Your task:
Could you give again exactly, and only, the lines from the one holding "Το 1-0 της ΑΕΚ με τον κεραυνό του Κοϊτά" through the end of the data, both ends included, with pictures left out?

### Dataset

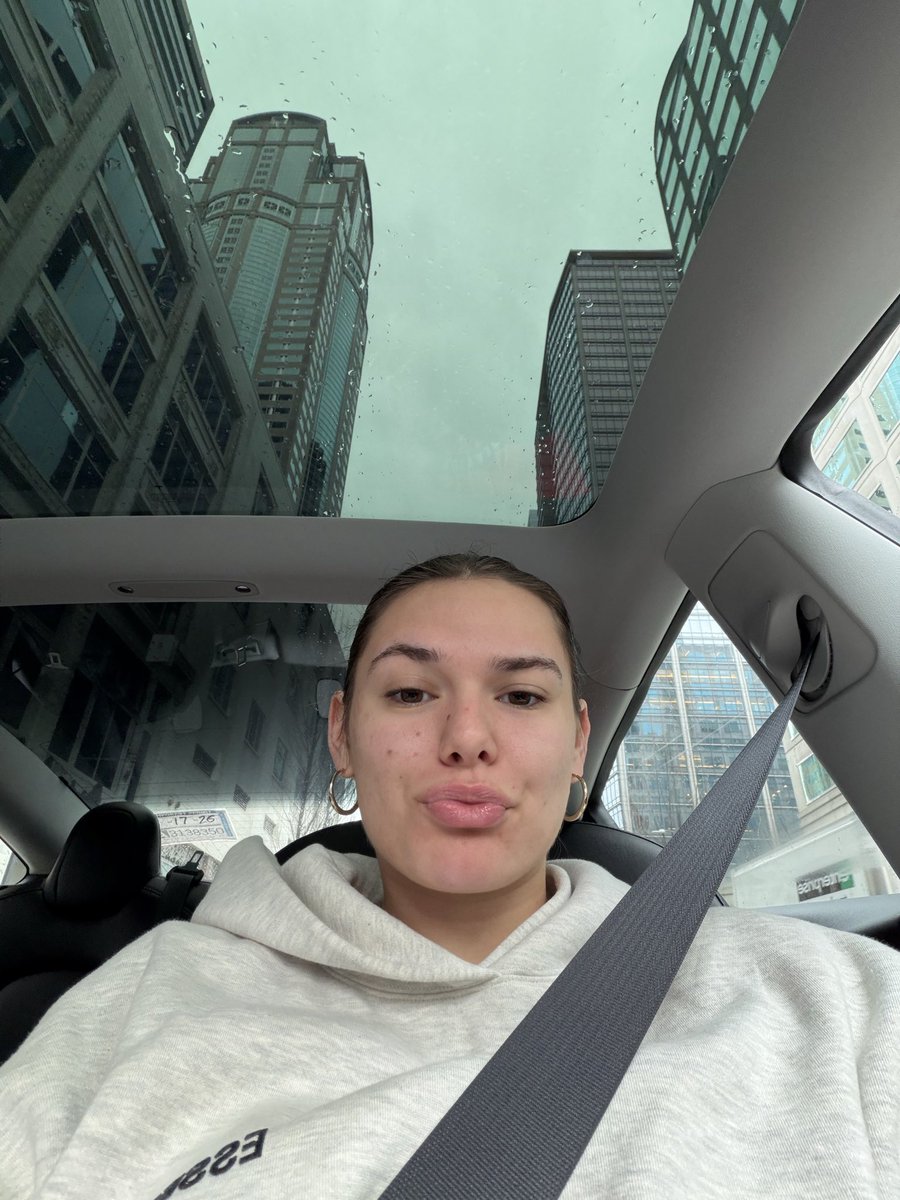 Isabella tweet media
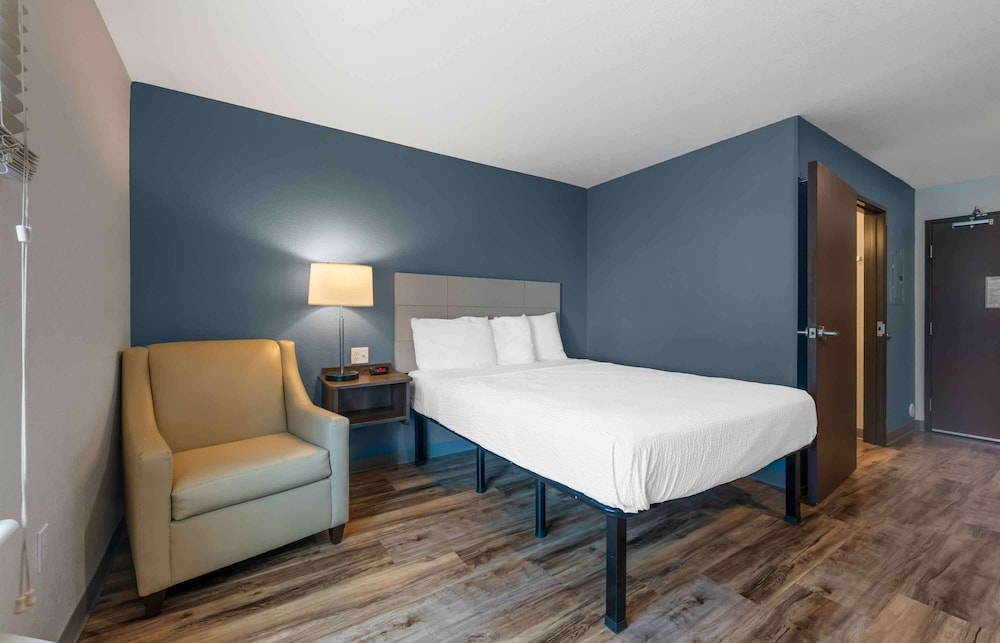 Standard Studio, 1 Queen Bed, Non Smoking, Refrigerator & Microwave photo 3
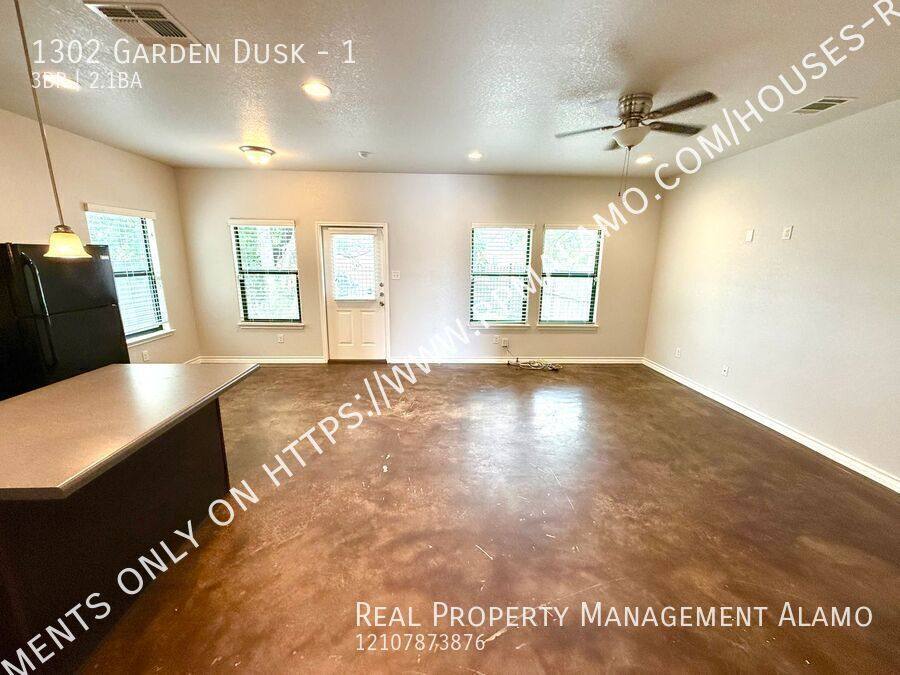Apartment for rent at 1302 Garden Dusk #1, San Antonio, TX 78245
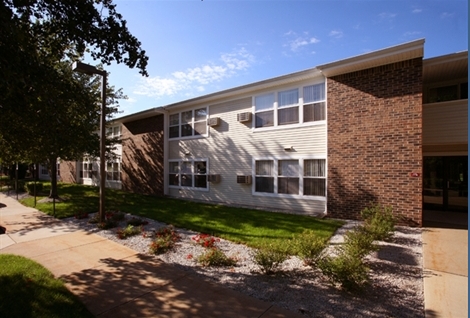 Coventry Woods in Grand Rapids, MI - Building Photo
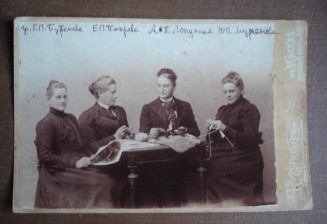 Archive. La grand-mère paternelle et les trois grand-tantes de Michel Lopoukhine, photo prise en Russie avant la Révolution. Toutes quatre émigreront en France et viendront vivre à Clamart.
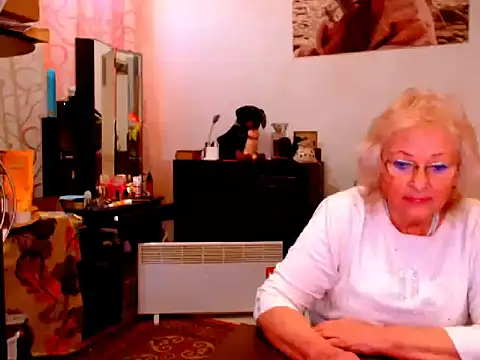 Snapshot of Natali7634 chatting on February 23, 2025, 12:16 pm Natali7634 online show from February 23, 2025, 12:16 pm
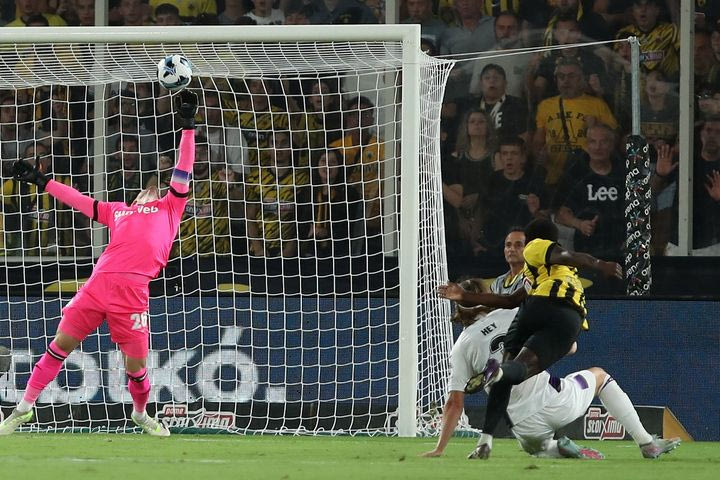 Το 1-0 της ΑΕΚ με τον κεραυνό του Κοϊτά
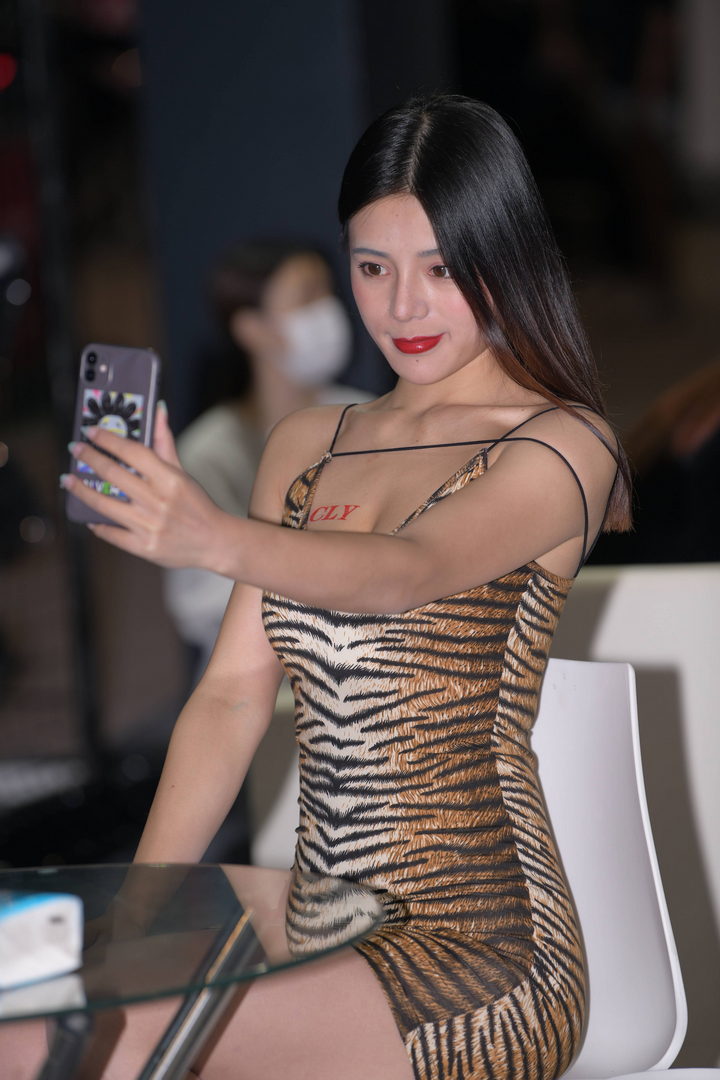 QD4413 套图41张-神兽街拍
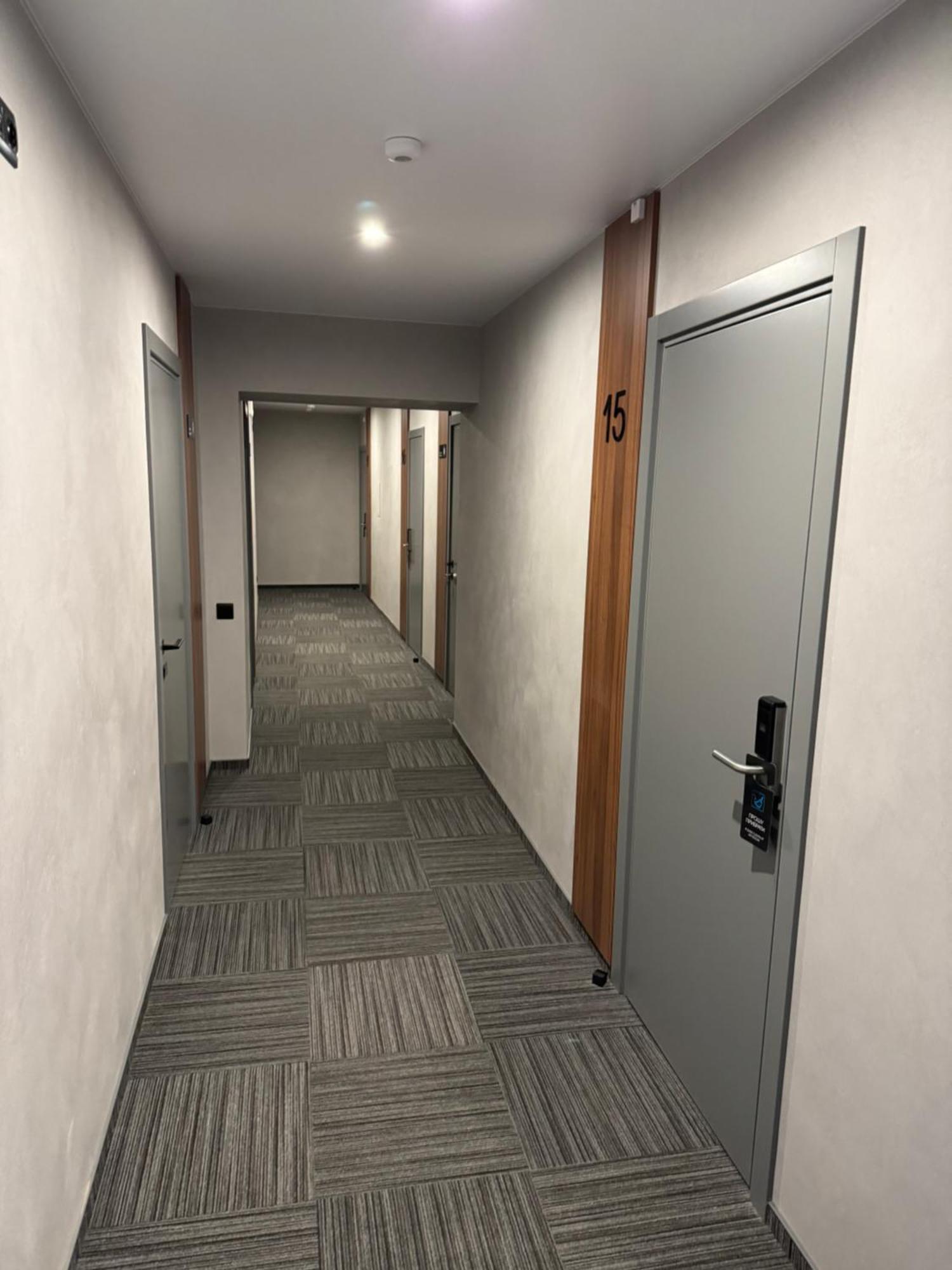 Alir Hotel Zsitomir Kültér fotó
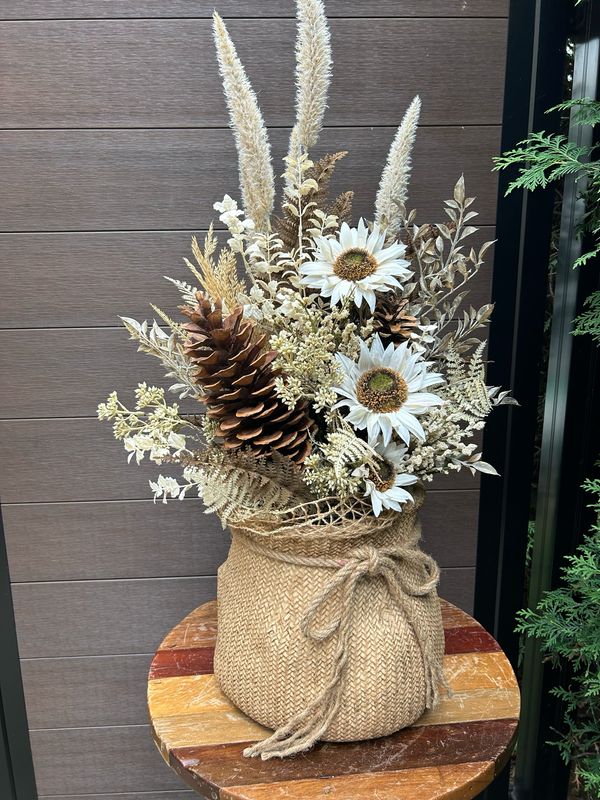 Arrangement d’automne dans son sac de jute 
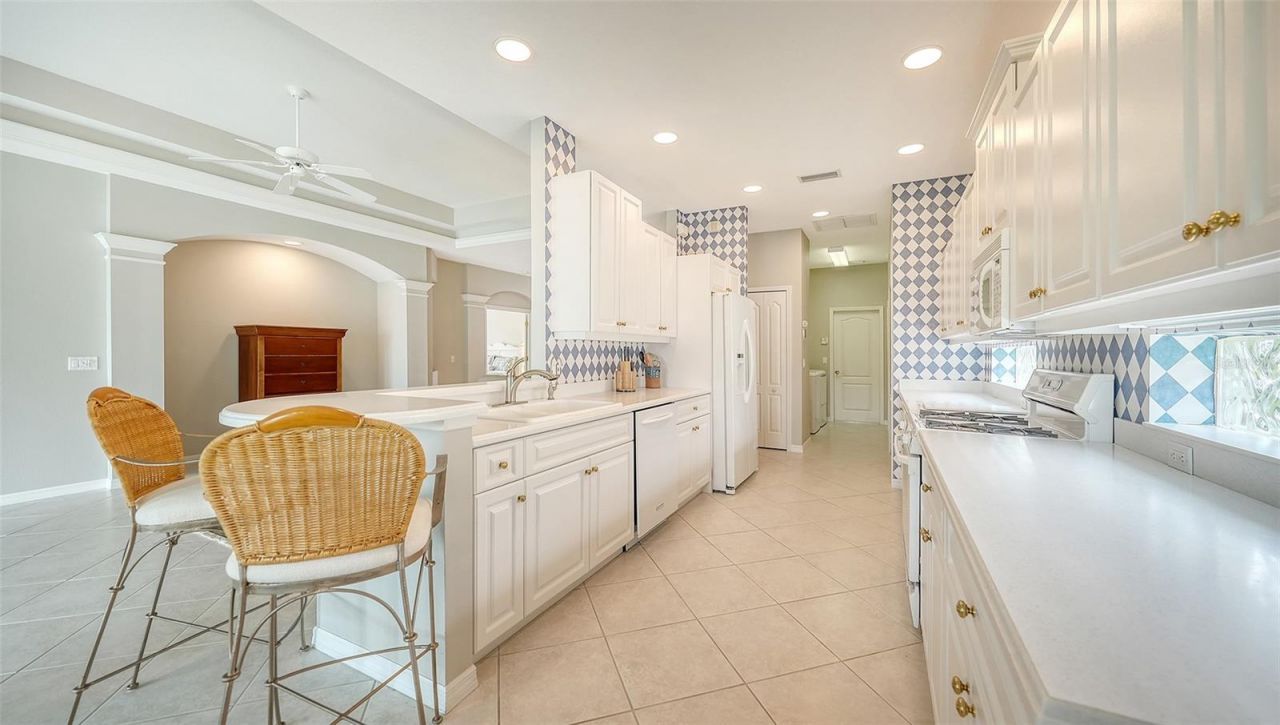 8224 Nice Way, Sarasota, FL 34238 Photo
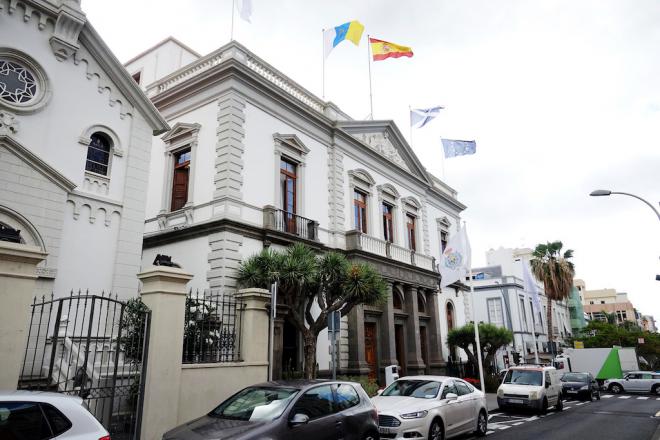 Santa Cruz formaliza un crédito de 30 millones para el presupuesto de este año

######

Problem solution:
 Το 1-0 της ΑΕΚ με τον κεραυνό του Κοϊτά
 QD4413 套图41张-神兽街拍
 Alir Hotel Zsitomir Kültér fotó
 Arrangement d’automne dans son sac de jute 
 8224 Nice Way, Sarasota, FL 34238 Photo
 Santa Cruz formaliza un crédito de 30 millones para el presupuesto de este año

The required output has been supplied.